Imagine what it would be like to find yourself in a wholly silent forest, no sounds are heard. It would be a dead forest, a forest museum or a forest of the living dead. Either way, we would find ourselves on the threshold between life and death.

Bhupendra Kumar: This evening, there was a dust storm on my way home. It irritated my throat and eyes.

Pollution Diaries

Pryianshi Gupta: Today, a man with the smoke machine came to repel mosquitoes and other insects. It works, but it is very difficult to breathe due to the smoke.

Pollution Diaries

Sumanshu Rao: The situation is becoming unmanageable. Wind is bringing a massive blanket of smog, reports say that the rapid increasement of pollution happened because farmers are burning stubbles in neighbouring states. I saw children coughing and the number of patients in hospitals is raising as well.

Pollution Diaries

This new type of relationships also requires a change in imagination. If we really take something seriously, it means that we are at that point allowed to propose new possible worlds and inhabit them with diverse types of practices and skills.
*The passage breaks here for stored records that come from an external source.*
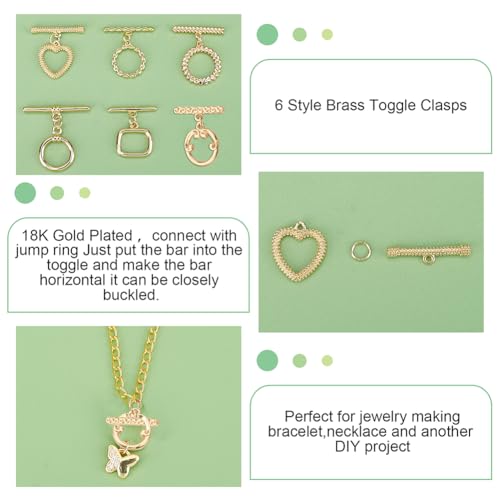 PH PandaHall 18K Toggle Clasps, 6 Styles T-Bar Closure Clasp 12 Sets Jewelry Clasps Flower Ring Leaf IQ Brass Bracelet Clasp for Necklace Making - color: 6 Styles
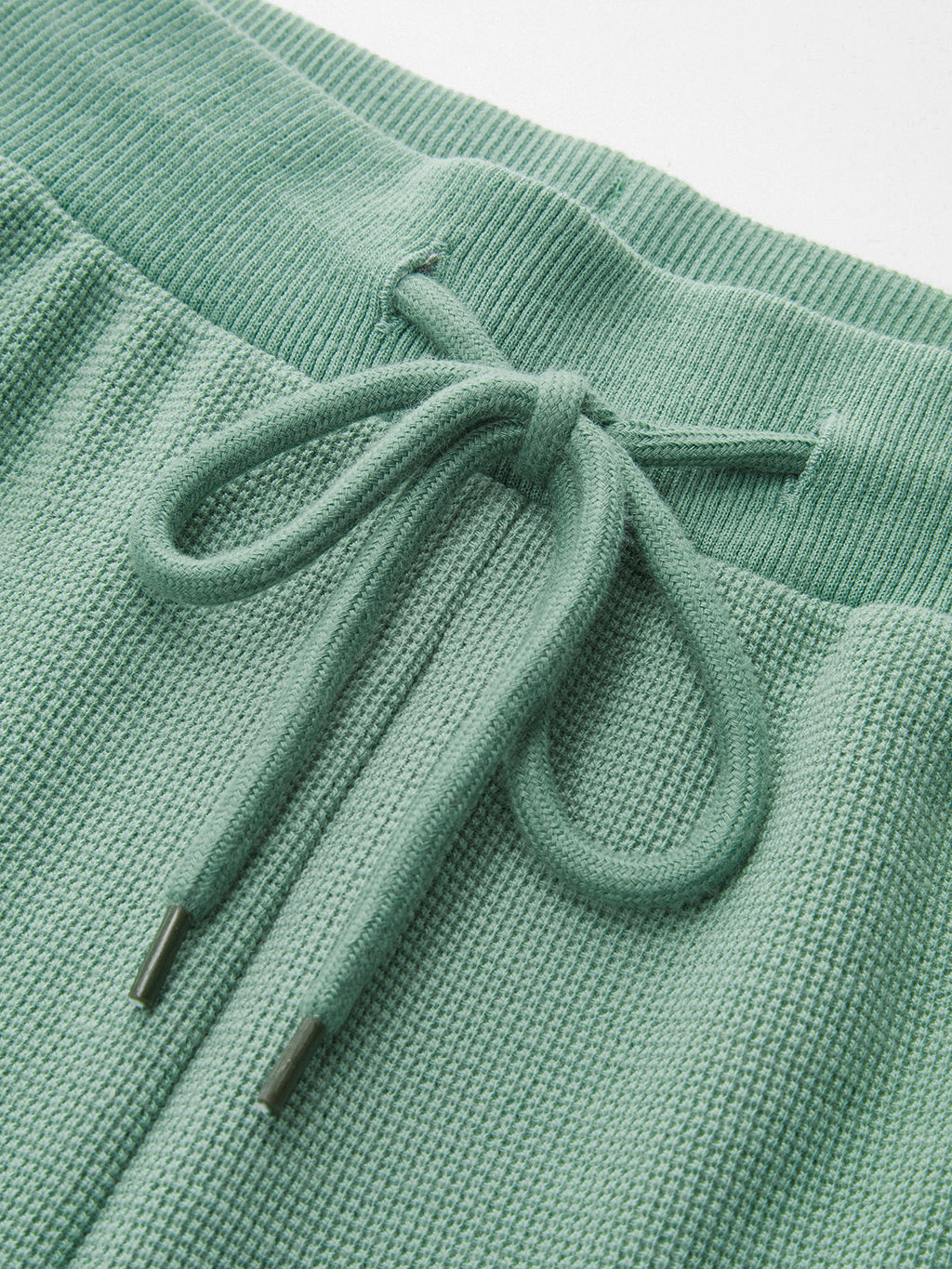 Waffle Knit Sweatshirt & Drawstring Shorts Set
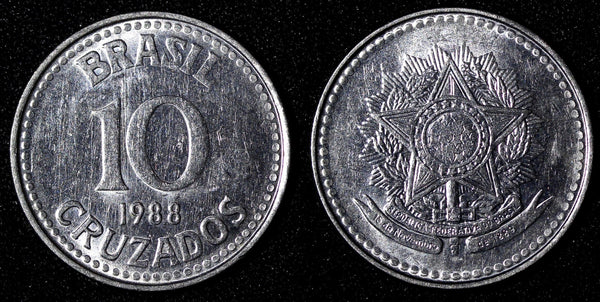BRAZIL Stainless steel 1988 10 Cruzados UNC/BU KM# 607  (28 089)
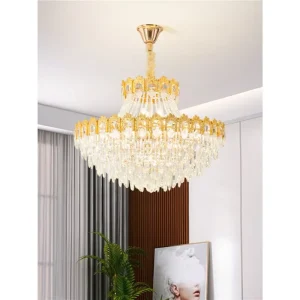 Modern K9 Crystal Chandelier Luxury Pendant Light for Living Room Hotel Villa Staircase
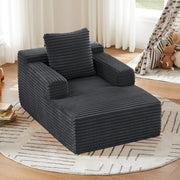Divano chaise longue in velluto a coste grigio scuro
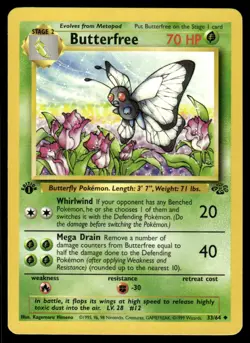 Pokemon TCG Jungle 1st Edition #33/64 Butterfree LP+ - Image 1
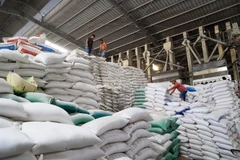 Kho gạo xuất khẩu đi Philippines và Trung Quốc. (Ảnh: Hồng Đạt/TTXVN)
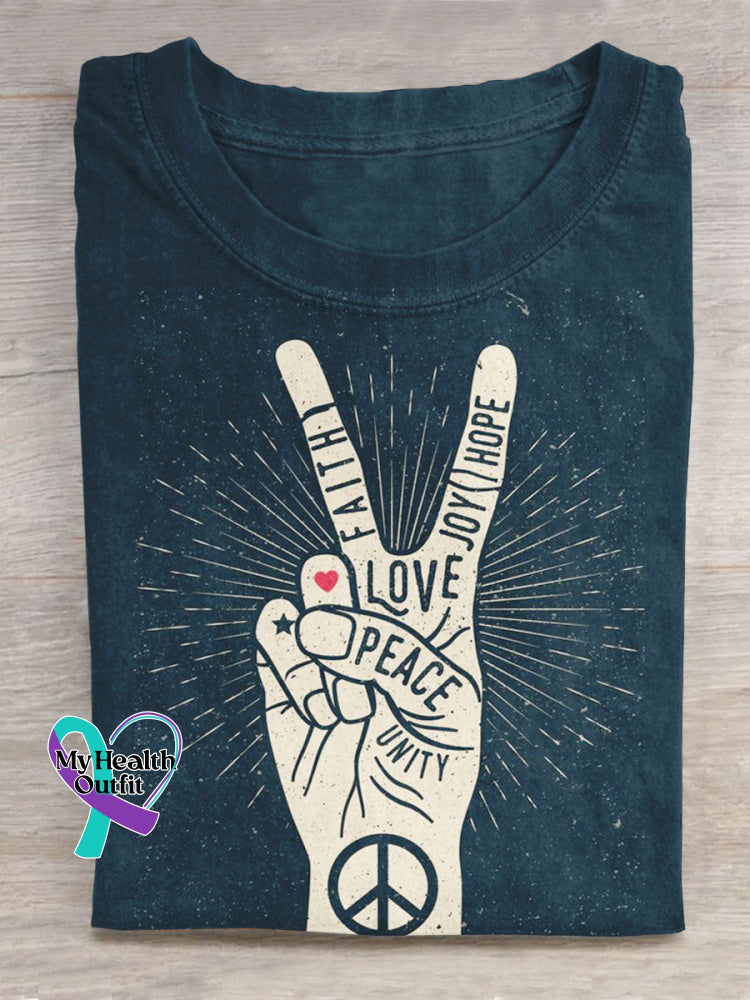Peace And Love Art Print Casual Cotton T-shirt Blue / S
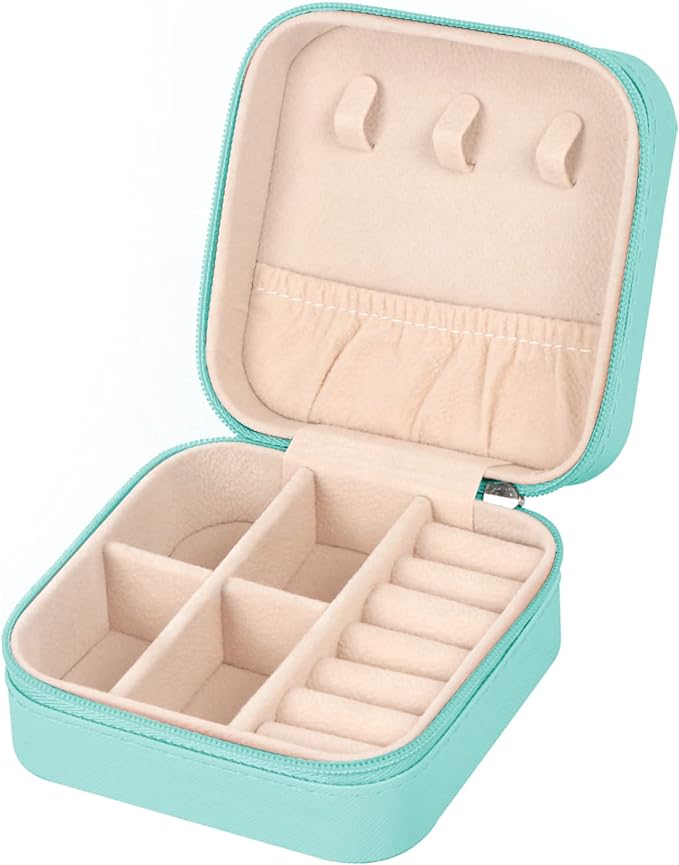 MFXIP Travel Jewelry Case Small Jewelry Box Jewelry Organizer Storage Case Portable PU Leather Mini Jewelry Travel Case for Girls Womens Earring, Necklace, Rings,Bracelets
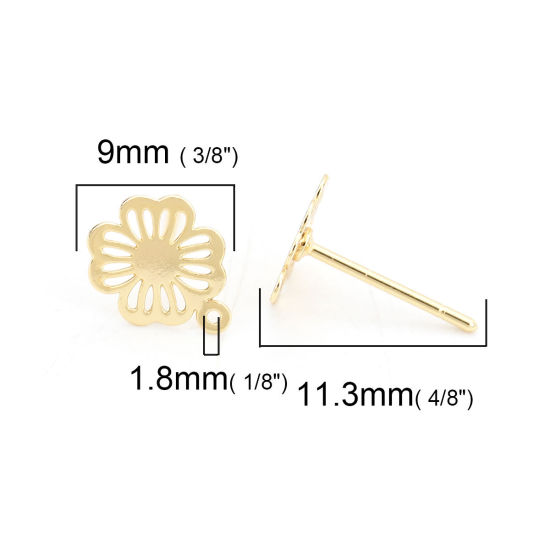 Immagine di Ottone Orecchini a Perno 18K Vero Oro Placcato Fiore W/ Loop 9mm x 7mm, Dimensione di Posta / Cavo: (20 misura), 4 Pz
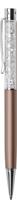 Ballpoint pen, rose gold, topped with a white SWAROVSKI® crystal, 14 cm, ART CRYSTELLA®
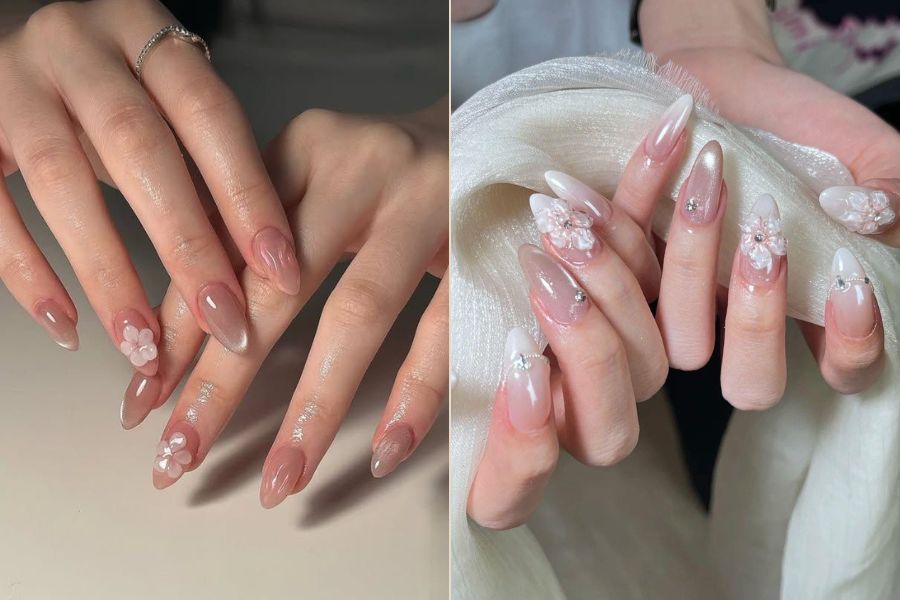 Nail mắt mèo đính hoa tinh tế, mang đến vẻ tươi vui, rực rỡ cho dịp Tết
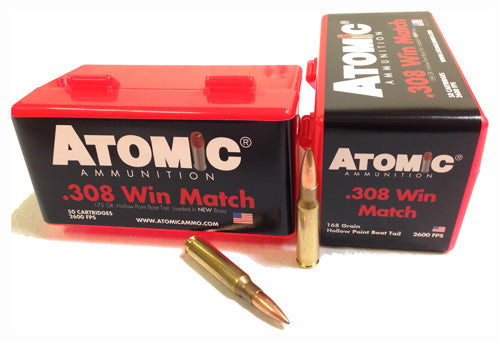 Atomic .308 Win / 7.62x51mm Match Hollow Point Boat Tail 168 Grain 50/Box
This opens the possibility of thinking and working differently. Different collocations help us to re-imagine our present and its problems. These problems allow for cooperation and further examination.


[Pollution Diaries]1 is something like a method for tracking, a platform for following the subtle shifts in the every-day, collaborative story-writing woven into each one of us, although born out of a single place. These stories allow us to touch those entities which oftentimes do not have human form, but whose qualities are undoubtedly affirmed and accelerated through human activity. [Pollution Diaries] is only one field which shows us what lies in store for us. We can enter into it any time. It is always open. But moving in this zone is not as easy as might seem at first sight. What is expected of you during your visit is that you will, under all circumstances, remain in the same space with those who are dear to you, but also with those who are distant, but also those who might seem as enemies. This means that such a visit can re-calibrate your ability to perceive and react. This is interesting, challenging, but also very risky.

We should not relinquish our problems, neither during our epoch, nor at any other time. We should not block problems in the hope for a safer, more organized world. Our task is rather to stir up trouble. To evoke strong reactions to any destructive events. Only this can extend the time allotted to us. Only this will allow us to become truly present. We don’t need anything which might help us forget. Our ethical imperative should be to give inhuman life the space to compose without humanity, while humanity travels to worlds other than Earth. It might come to pass that something which we may have considered to be life will return to the surface of the Earth without us necessarily bearing witness to it. Monsters in the best sense of the word.

[Life is an untried and empty principle]

On 8 April, 2020 around 10.30 PM. Shweta Kapoor, a student of the first year at the university of New Delhi is having dinner with her family. The muffled sound of her cell phone is heard form the neighboring room. Shweta looks over at her mother – mother silently nods her approval. Shweta wipes her hands and leaves. She sits down in the corner of the room and picks up the telephone. An image of a night street fades away on her screen. The room is again dark. Shweta unlocks her phone to look at the photograph which lights up her face. She is smiling. Under the image, there is a short text message from her friends: […] People are now going outside, saying: “Let’s go out to breathe the fresh air.”

Pollution Diaries


This text and these photographs form part of the publication [Pollution Diaries].

The author and editor of the publication is Veronika Resslová, a Czech language teacher at the University of Delhi. The book [Pollution Diaries] will be published in the second half of 2020.